* [Task input]:

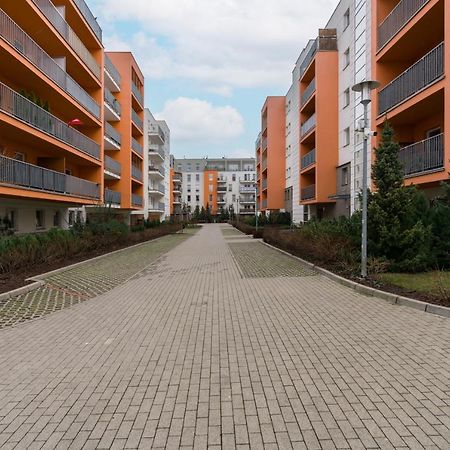 Wilczak Apartment With Free Garage Poznan By Noclegi Renters Poznań Exterior foto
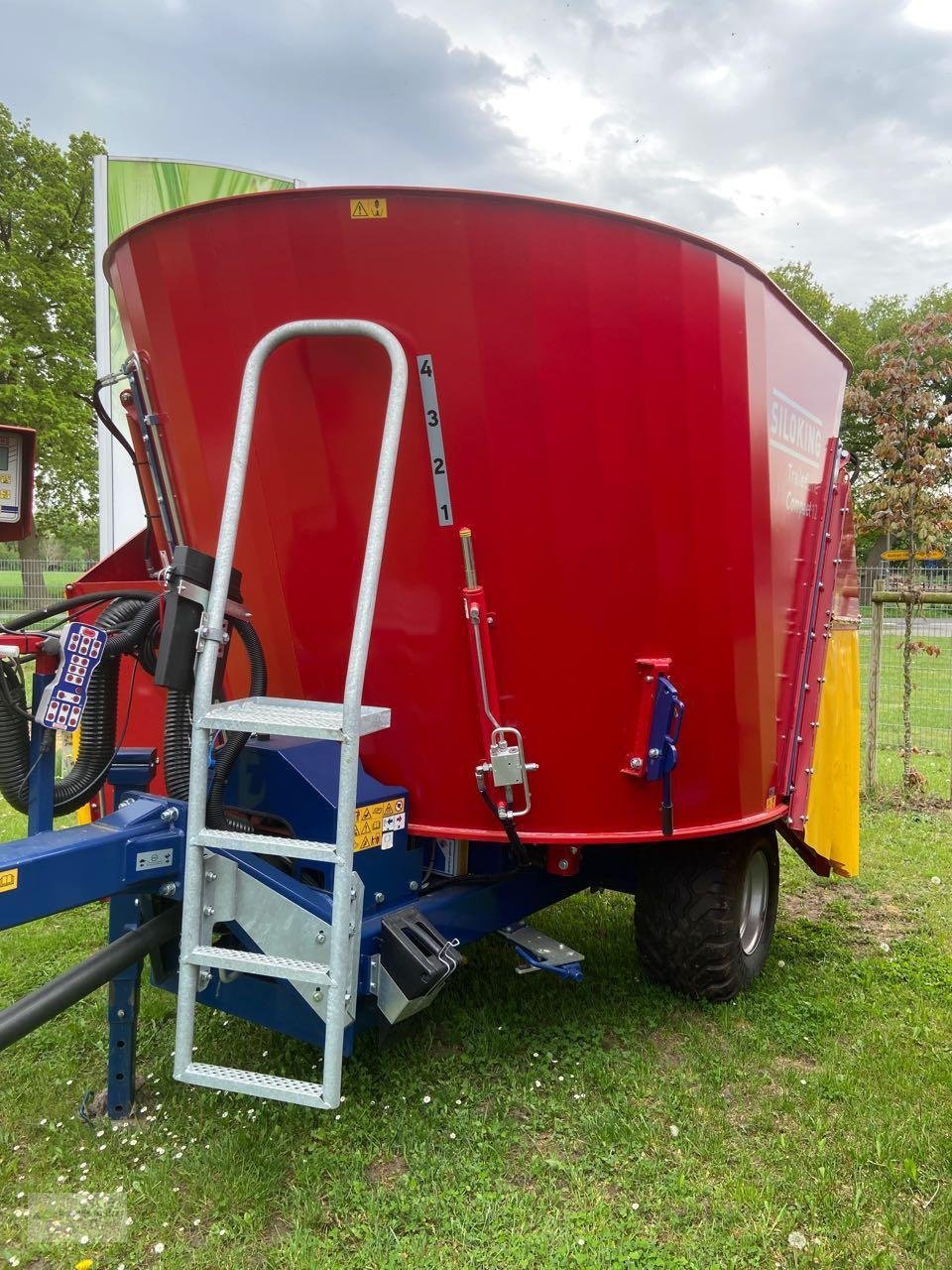 Futtermischwagen des Typs Siloking TrailedLine Classic Compact, Neumaschine in Twist - Rühlerfeld (Bild 4)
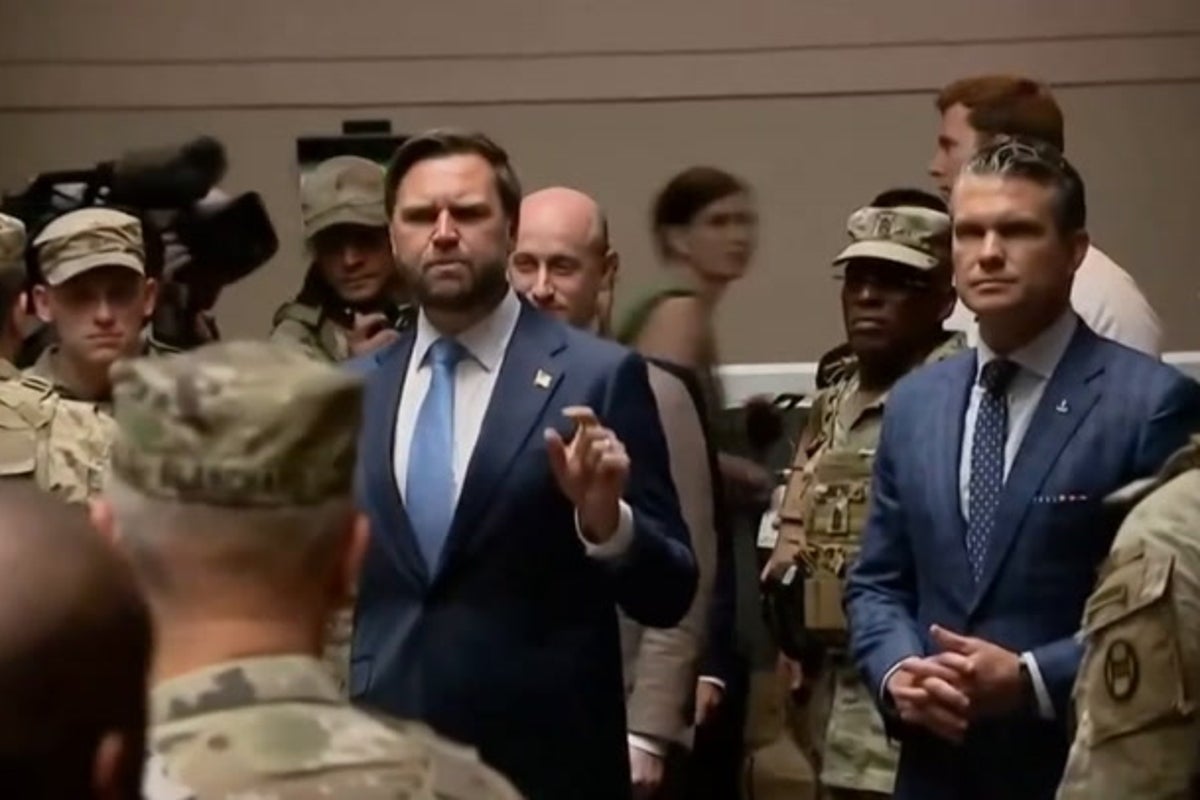 Booing heard as JD Vance and Pete Hegseth deliver Shake Shack burgers to National Guard in Washington DC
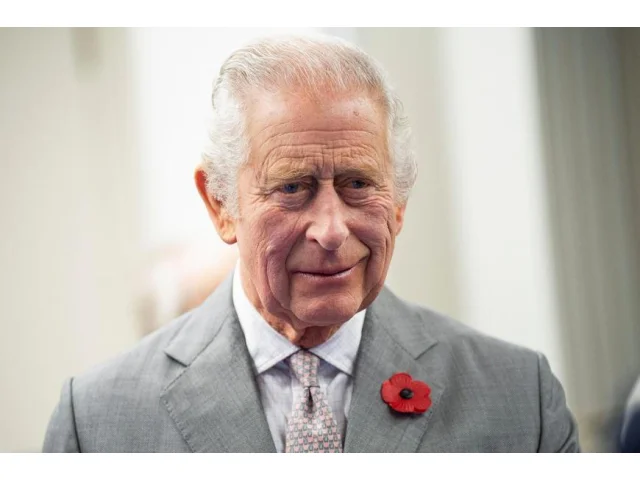 Za leskem koruny se skrývá minulost plná kontroverzí. Život krále psaly skandály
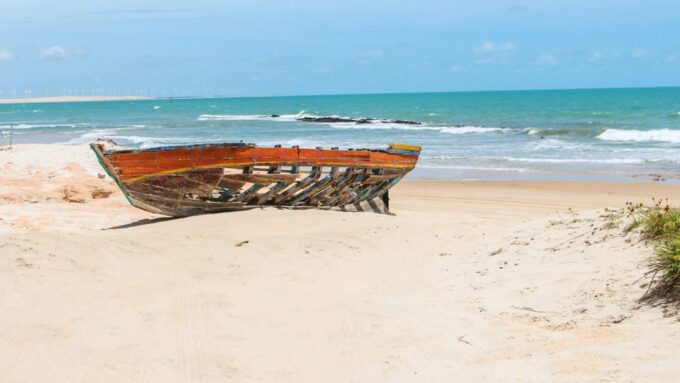 Fortaleza: Tour to Canoa Quebrada Beach - Shoreline Stroll and Swim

* [What the task asks]: The task calls for repeating each line above exactly while excluding the pictures.

* [Answer for the task]:
 Wilczak Apartment With Free Garage Poznan By Noclegi Renters Poznań Exterior foto
 Futtermischwagen des Typs Siloking TrailedLine Classic Compact, Neumaschine in Twist - Rühlerfeld (Bild 4)
 Booing heard as JD Vance and Pete Hegseth deliver Shake Shack burgers to National Guard in Washington DC
 Za leskem koruny se skrývá minulost plná kontroverzí. Život krále psaly skandály
 Fortaleza: Tour to Canoa Quebrada Beach - Shoreline Stroll and Swim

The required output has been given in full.